Share of road transport is high
84% of all weight transported in the Netherlands is transported by road, 15% via water, and around 1% by rail. In cross-border transport, approximately 45% is by road, 49% by sea, and 6% by rail. Road transport has seen great improvement to its position in the past few decades, compares to other modes of transport. Flexibility and speed have played decisive roles. Despite political pressure on a larger share of water and rail sectors, road transport continues to see growth, in part due to the rise of finely tuned distribution from e-commerce.
Number of road hauliers is increasing
As of January 1, 2017, more than 106,000 license certificates were issued on behalf of more than 13,000 companies. In comparison with 2016, the number of outstanding certificates per balance increased by more than 4,249, an increase of 4.1%. On average, a Dutch transport company holds 8.1 licensees. To see more detailed information and statistics, visit NIWO.
Fragmentation and increased scale
Within the Dutch transport sector, 76% of companies possess five licensees or less. Together, these 9,000 plus companies account for more than 17,000 licensees, or 17% of the overall total. Within the industry, approximately 3,800 individuals are employed. Some transport companies could be characterised as self-employed drivers, meaning that an individual is employed as an (inter) national driver on his or her own account and risk. The largest 102 companies (which account for no more than 1% of the total number of companies) together possess more than 20,000 licensees – as much as 21% of the total.
Nearly one in five Dutch road freight carriers are based in South Holland (19%), followed by North Brabant (18%) in second place. The province of Gelderland (14%) is also home to a fairly large number of transport companies.

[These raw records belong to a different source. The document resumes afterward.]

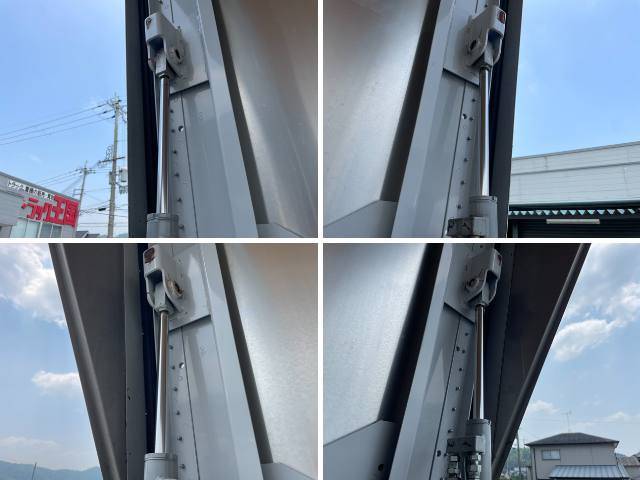 三菱ふそうキャンターアルミウイング小型（2t・3t）[写真15]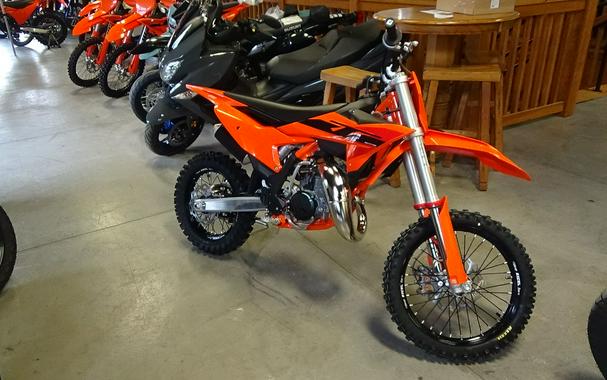 2025 KTM 85 SX 17/14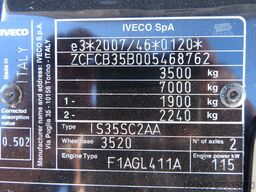 Iveco DAILY 35 S 16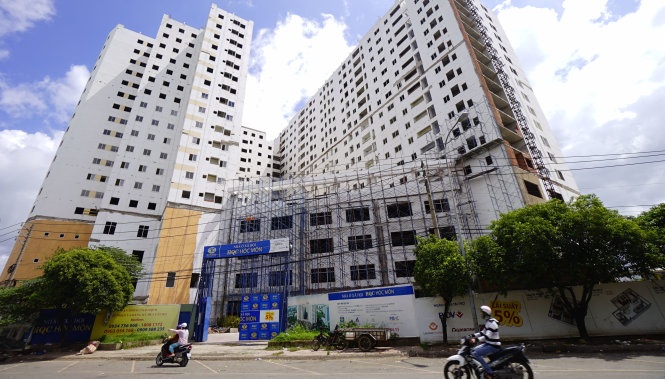 Mot nam kinh te buon cua ‘trum nha o xa hoi' Hoang Quan hinh anh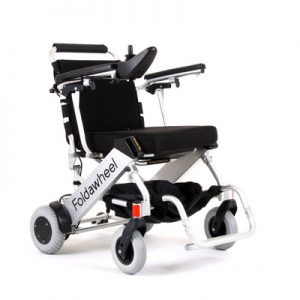 foldawheel_electric_wheelchair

In total, these three provinces account for more than half (51%) of all transport companies established in the Netherlands, and possess approximately 52% of all outstanding licensees. In the province of Flevoland, a mere 1% of all companies account for 1% of total licenses. Companies based in the North Holland province are the largest in the Netherlands, with an average of 10.5 licensees per firm. Transport companies in Zeeland, Groningen, and Friesland provinces are smallest, with an average of less than 6 license certificates each.